Halkımız, değerlere, sahip çıkma yerine bir kurtarıcı beklemeyi tercih ediyor. Hiç emek vermeden, yattığı yerde kurtuluş bekliyor. Halkımızın büyük bölümü parti, tarikat, cemaat, vakıf, dernek, sivil toplum örgütleri gibi kuruluşlardan, değerlerin erimesinin önlemesini bekliyor. Bir kısmı da kahvelerde, gazinolarda ve benzeri yerlerde olayı çözüyor. Sanki bunlar yetmiyormuş gibi bir de dedikodu- yalan- iftira, övme ve yerme gelişti ve adeta kurumlaştı. Dolaysıyla insanların her geçen gün mutluluğu azalıyor.
Hatır- gönül adeta ortadan kalkmak üzere, sabır dersen maalesef gideli epey oldu. Doğruluk-dürüstlük neredeyse suç oldu. Dürüstlük ve kibarlıkla dalga geçilip, ahmaklıkla suçlanıyor. Abdurrahman Karakoç: ‘’ Yoksa bu kadar şerefsizin, bizden olması mümkün değil’’ diyor. Ukalalık, memleketin üzerine kara bulut gibi çöktü. Prof. Dr. İlber Ortaylı bakınız ne diyor: ‘’ Her nefis ölümü tadacaktır, ayetini bankalara ve makam koltuklarına yazmalı. Tabutlara, mezarlıklara değil’’ Bizce doğru diyor.
‘’Kurda demişler ki, kuyunu kazıyorlar. Kurtta demiş çıkarsam namım, ölürsem şerefim yürü.’’ Bir insan yaşadığı sürece şerefini düşünmüyor, korumuyorsa en hafif deyimle insanlıktan çıkmış sayılır. Ne desen ona kar etmez, yaratılan bütün canlılardan daha aşağı inmiş biridir. Yapılacak tek şey bu tiplerden korunmayı becermektir.
‘’Bir şeyin ticaretini yapan, onu satar. Sattığı ise artık kendinin değildir…’’ diyen asıl adı Ebu Yusuf bin İshak el- Sabbah el Kindi olan ve Müslüman aleminin en büyük filozoflarından biridir. Kindi, 801 yılında Küfe ’de doğup, 873 yılında Bağdat’ta ölmüştür.

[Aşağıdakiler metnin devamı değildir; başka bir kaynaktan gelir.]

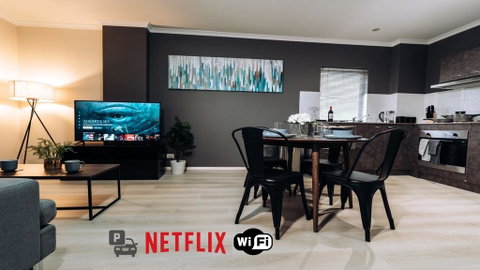 Central City Convenience - Free Parking & WiFi - Kawana Tourism 0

Bugün ülkemizde, neredeyse her şeyin ticareti yapılıyor. Yüzde doksan-doksan beş insanımız, üyesi olduğu, çalıştığı, ait olarak göründüğü yerin ticaretini yapıyor. Geriye kalan yüzde beş- on da arada maskara oluyor, yani kullanılıyor.
‘’Ne deyim de ağlayım, ölü benim olmayınca, her şeyin ticaretini yapan biter mi? Biner biner ölmeyince.’’ Söz anonim.